DATASET:
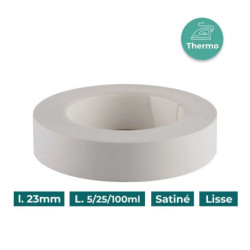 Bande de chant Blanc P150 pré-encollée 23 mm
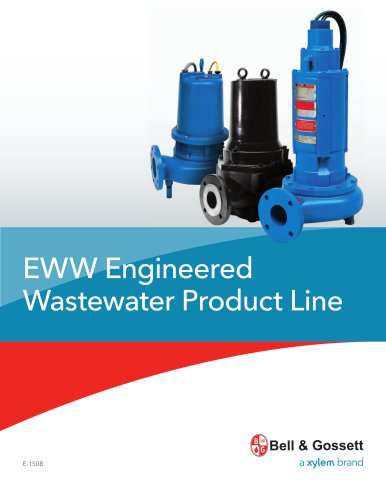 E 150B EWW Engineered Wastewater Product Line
--
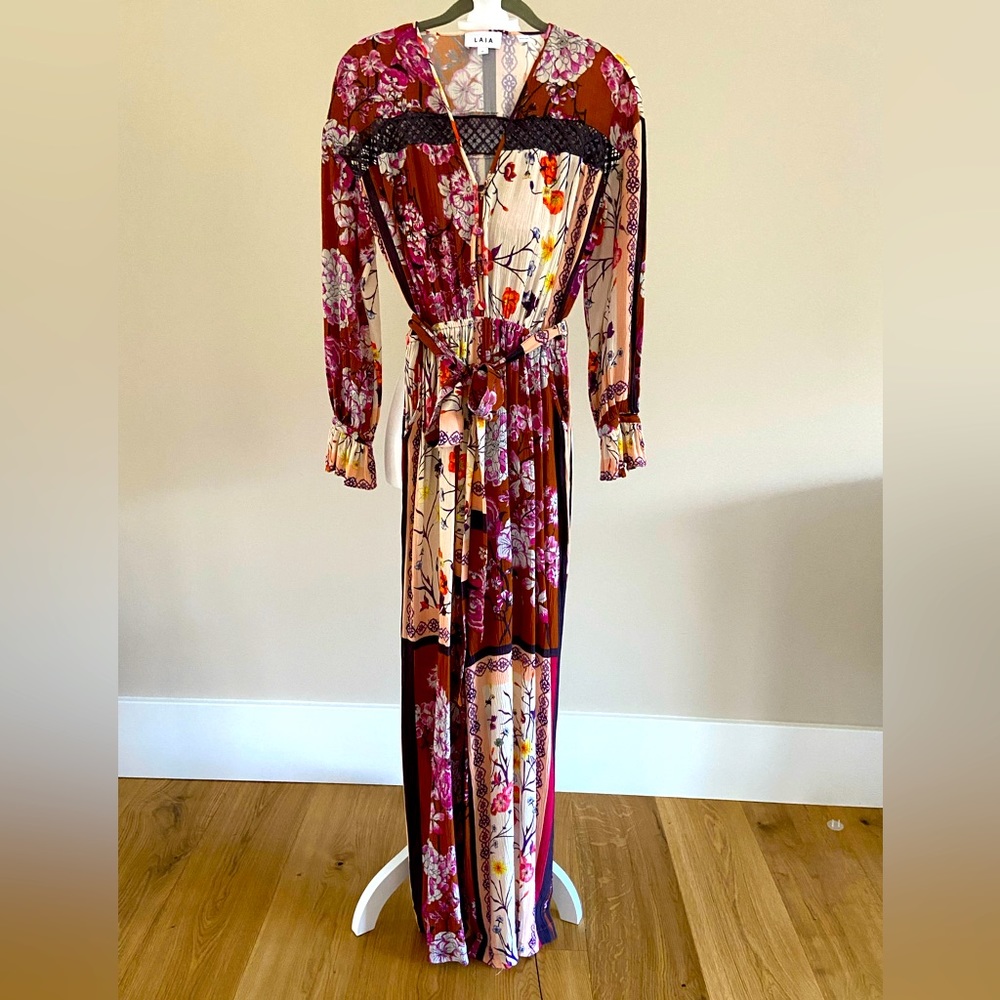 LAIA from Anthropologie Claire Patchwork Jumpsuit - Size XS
==
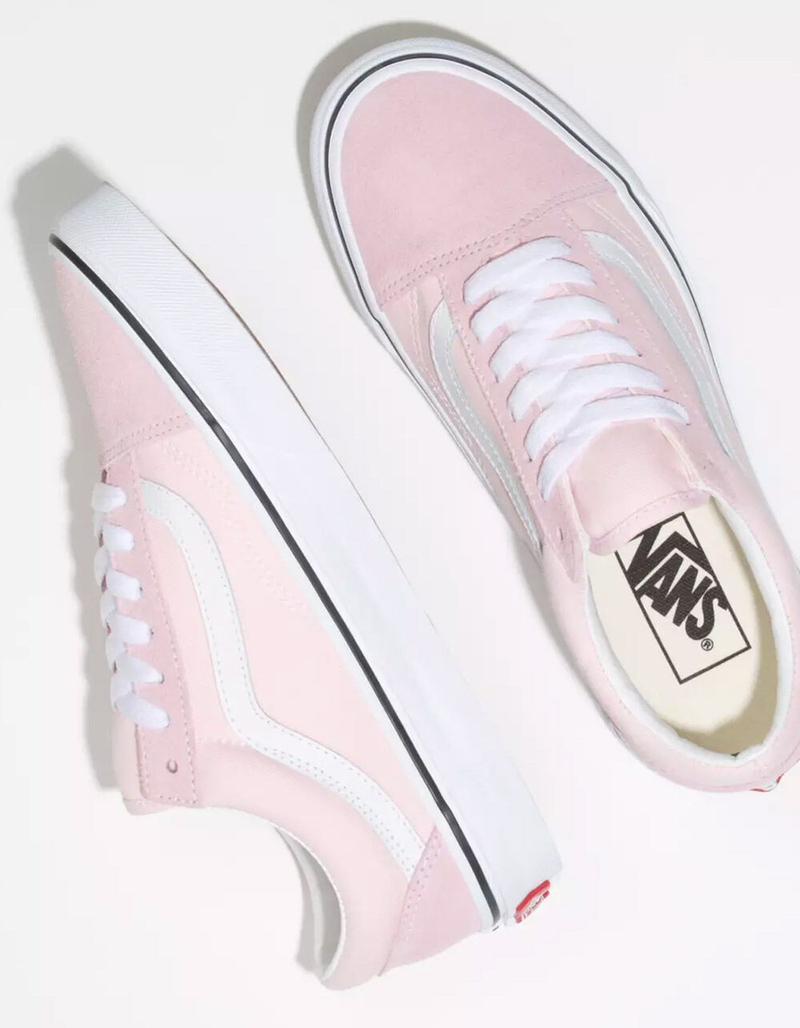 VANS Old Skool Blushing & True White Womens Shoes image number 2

HOW TO COMPLETE THIS TASK:
Please output, exactly as written, the lines above from the one holding "Bande de chant Blanc P150 pré-encollée 23 mm" through the one holding "E 150B EWW Engineered", both included, with the pictures omitted.

EXERCISE SOLUTION:
 Bande de chant Blanc P150 pré-encollée 23 mm
 E 150B EWW Engineered Wastewater Product Line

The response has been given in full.